Copy each line of the listing below exactly.

***

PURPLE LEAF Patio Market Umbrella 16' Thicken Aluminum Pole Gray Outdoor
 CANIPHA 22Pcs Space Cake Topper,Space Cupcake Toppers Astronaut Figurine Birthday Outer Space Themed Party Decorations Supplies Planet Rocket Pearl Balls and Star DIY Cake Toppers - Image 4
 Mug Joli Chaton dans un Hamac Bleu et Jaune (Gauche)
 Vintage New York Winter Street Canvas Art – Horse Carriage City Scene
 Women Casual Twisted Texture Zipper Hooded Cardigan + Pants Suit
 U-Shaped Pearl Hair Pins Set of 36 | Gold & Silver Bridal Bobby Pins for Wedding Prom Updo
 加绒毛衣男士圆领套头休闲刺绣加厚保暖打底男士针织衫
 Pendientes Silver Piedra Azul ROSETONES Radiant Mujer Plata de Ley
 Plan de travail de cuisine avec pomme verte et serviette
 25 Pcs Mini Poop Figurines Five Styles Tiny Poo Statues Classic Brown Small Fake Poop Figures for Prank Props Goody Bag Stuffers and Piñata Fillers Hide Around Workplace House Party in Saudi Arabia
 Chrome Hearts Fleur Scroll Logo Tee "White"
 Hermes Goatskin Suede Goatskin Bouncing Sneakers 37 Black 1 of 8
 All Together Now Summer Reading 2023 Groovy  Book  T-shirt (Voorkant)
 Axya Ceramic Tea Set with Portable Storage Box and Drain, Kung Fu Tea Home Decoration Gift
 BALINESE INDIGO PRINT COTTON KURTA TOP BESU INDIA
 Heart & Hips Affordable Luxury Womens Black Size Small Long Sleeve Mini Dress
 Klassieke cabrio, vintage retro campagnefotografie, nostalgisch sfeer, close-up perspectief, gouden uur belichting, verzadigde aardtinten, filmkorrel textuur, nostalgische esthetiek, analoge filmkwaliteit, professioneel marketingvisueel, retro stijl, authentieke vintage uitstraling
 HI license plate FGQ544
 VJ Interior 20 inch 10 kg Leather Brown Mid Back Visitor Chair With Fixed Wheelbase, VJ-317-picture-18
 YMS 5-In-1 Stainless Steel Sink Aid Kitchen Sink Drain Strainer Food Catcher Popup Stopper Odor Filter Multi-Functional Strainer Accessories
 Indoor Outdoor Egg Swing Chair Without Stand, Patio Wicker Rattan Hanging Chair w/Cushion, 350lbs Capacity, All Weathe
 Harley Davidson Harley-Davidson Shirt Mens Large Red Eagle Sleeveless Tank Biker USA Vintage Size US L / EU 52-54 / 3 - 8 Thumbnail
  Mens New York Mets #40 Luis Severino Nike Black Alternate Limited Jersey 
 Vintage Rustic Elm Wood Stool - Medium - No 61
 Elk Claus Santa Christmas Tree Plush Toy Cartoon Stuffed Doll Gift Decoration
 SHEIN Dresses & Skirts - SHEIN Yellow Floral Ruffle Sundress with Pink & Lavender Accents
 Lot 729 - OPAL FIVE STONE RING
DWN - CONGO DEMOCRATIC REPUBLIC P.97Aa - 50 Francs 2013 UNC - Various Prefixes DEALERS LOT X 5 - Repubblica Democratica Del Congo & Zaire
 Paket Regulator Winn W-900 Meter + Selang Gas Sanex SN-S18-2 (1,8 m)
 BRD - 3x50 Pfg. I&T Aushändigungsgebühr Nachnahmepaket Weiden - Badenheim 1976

***

→ EXPECTED ANSWER
PURPLE LEAF Patio Market Umbrella 16' Thicken Aluminum Pole Gray Outdoor
 CANIPHA 22Pcs Space Cake Topper,Space Cupcake Toppers Astronaut Figurine Birthday Outer Space Themed Party Decorations Supplies Planet Rocket Pearl Balls and Star DIY Cake Toppers - Image 4
 Mug Joli Chaton dans un Hamac Bleu et Jaune (Gauche)
 Vintage New York Winter Street Canvas Art – Horse Carriage City Scene
 Women Casual Twisted Texture Zipper Hooded Cardigan + Pants Suit
 U-Shaped Pearl Hair Pins Set of 36 | Gold & Silver Bridal Bobby Pins for Wedding Prom Updo
 加绒毛衣男士圆领套头休闲刺绣加厚保暖打底男士针织衫
 Pendientes Silver Piedra Azul ROSETONES Radiant Mujer Plata de Ley
 Plan de travail de cuisine avec pomme verte et serviette
 25 Pcs Mini Poop Figurines Five Styles Tiny Poo Statues Classic Brown Small Fake Poop Figures for Prank Props Goody Bag Stuffers and Piñata Fillers Hide Around Workplace House Party in Saudi Arabia
 Chrome Hearts Fleur Scroll Logo Tee "White"
 Hermes Goatskin Suede Goatskin Bouncing Sneakers 37 Black 1 of 8
 All Together Now Summer Reading 2023 Groovy  Book  T-shirt (Voorkant)
 Axya Ceramic Tea Set with Portable Storage Box and Drain, Kung Fu Tea Home Decoration Gift
 BALINESE INDIGO PRINT COTTON KURTA TOP BESU INDIA
 Heart & Hips Affordable Luxury Womens Black Size Small Long Sleeve Mini Dress
 Klassieke cabrio, vintage retro campagnefotografie, nostalgisch sfeer, close-up perspectief, gouden uur belichting, verzadigde aardtinten, filmkorrel textuur, nostalgische esthetiek, analoge filmkwaliteit, professioneel marketingvisueel, retro stijl, authentieke vintage uitstraling
 HI license plate FGQ544
 VJ Interior 20 inch 10 kg Leather Brown Mid Back Visitor Chair With Fixed Wheelbase, VJ-317-picture-18
 YMS 5-In-1 Stainless Steel Sink Aid Kitchen Sink Drain Strainer Food Catcher Popup Stopper Odor Filter Multi-Functional Strainer Accessories
 Indoor Outdoor Egg Swing Chair Without Stand, Patio Wicker Rattan Hanging Chair w/Cushion, 350lbs Capacity, All Weathe
 Harley Davidson Harley-Davidson Shirt Mens Large Red Eagle Sleeveless Tank Biker USA Vintage Size US L / EU 52-54 / 3 - 8 Thumbnail
  Mens New York Mets #40 Luis Severino Nike Black Alternate Limited Jersey 
 Vintage Rustic Elm Wood Stool - Medium - No 61
 Elk Claus Santa Christmas Tree Plush Toy Cartoon Stuffed Doll Gift Decoration
 SHEIN Dresses & Skirts - SHEIN Yellow Floral Ruffle Sundress with Pink & Lavender Accents
 Lot 729 - OPAL FIVE STONE RING
DWN - CONGO DEMOCRATIC REPUBLIC P.97Aa - 50 Francs 2013 UNC - Various Prefixes DEALERS LOT X 5 - Repubblica Democratica Del Congo & Zaire
 Paket Regulator Winn W-900 Meter + Selang Gas Sanex SN-S18-2 (1,8 m)
 BRD - 3x50 Pfg. I&T Aushändigungsgebühr Nachnahmepaket Weiden - Badenheim 1976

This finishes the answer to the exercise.